Démocratie industrielle, un idéal européen ? Discours et pratiques sur la démocratisation du travail après 1945.
Workplace democracy, a European ideal? Discourses and practices about the democratization of work after 1945.
Responsable IDHE.S Evry : Frank Georgi.
Post-doctorante : Aurélie Andry.
For the longest part of the 20th century, industrial democracy has been a vibrant movement that encompassed a broad spectrum of meanings, from internal union democracy over collective bargainind to co-determination at shop-floor, enterprise, industry and national economic level. Since the beginning trade-unions have played a major role in the theoretical promotion and in the concrete management of workplace democracy in most European countries. Today, however, things look different. While there are instances of democracy in the business landscape, hierarchical forms of organization remain dominant and organizational democracy commands only scant attention in the media and in public life. The decline of workplace democracy is partially tied to that of trade-unionism, and certainly related to the transformations of the economic system of production. But it is also related to the decades-long domination of a liberal (as against social) conception of political democracy which reclaimed a rigid separation between the political and the economic spheres.
In the last years there are, however, signs that the ideal of WD is getting new traction. in the academia, we observe a wide array of new publications appearing in many different disciplines such as political theory, social and political science, history, legal theory, economy, management, and work psychology. At the political level, a new EU Directive "on establishing the principle of democracy at work, in capital, and in every field of economic life" has just been drafted, and the European Trade Union Institute is actively promoting the idea among its national partners.
In this project we want to investigate the history of this idea, exploring its moments of splendor as well as its moments of downturn and near disappearance.

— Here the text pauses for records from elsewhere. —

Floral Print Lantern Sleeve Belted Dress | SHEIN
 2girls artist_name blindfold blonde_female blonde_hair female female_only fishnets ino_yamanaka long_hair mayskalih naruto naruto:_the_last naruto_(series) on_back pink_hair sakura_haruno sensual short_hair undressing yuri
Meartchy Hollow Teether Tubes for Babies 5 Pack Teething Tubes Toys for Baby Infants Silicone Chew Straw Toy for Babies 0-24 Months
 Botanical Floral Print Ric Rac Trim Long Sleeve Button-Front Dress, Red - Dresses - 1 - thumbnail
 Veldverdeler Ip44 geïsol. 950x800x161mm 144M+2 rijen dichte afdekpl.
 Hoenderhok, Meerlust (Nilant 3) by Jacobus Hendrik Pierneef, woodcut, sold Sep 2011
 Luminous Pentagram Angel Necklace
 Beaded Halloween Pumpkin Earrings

We will do it through the historical lenses of conceptual and social history, exploring how this idea has been shaped by academic and non-academic discourses, by social practices, and by social struggles.
The project will focus on two main institutional actors: academia and the trade unions, exploring their interactions, mutual influences and trajectories.
This specific approach is justified by the nature of our research object. First, although the role of academic scholars in theorizing workplace democracy is undisputed, the distinctive role played by different academic disciplines is largely understudied. This is due not only to the essential lack of communication across disciplinary fields, but also to the great variability of the object. Second, trade unions have played a moajor yet historically variable role in social struggles to achieve workplace democracy. At the same time, beside academia, trade unions and their research institutions have been the most omportant knowledge producer in this field, unrivaled by any other social institution. Third, trade unions and academia have constantly interacted influencing each other in multiple ways which have been hardly studied.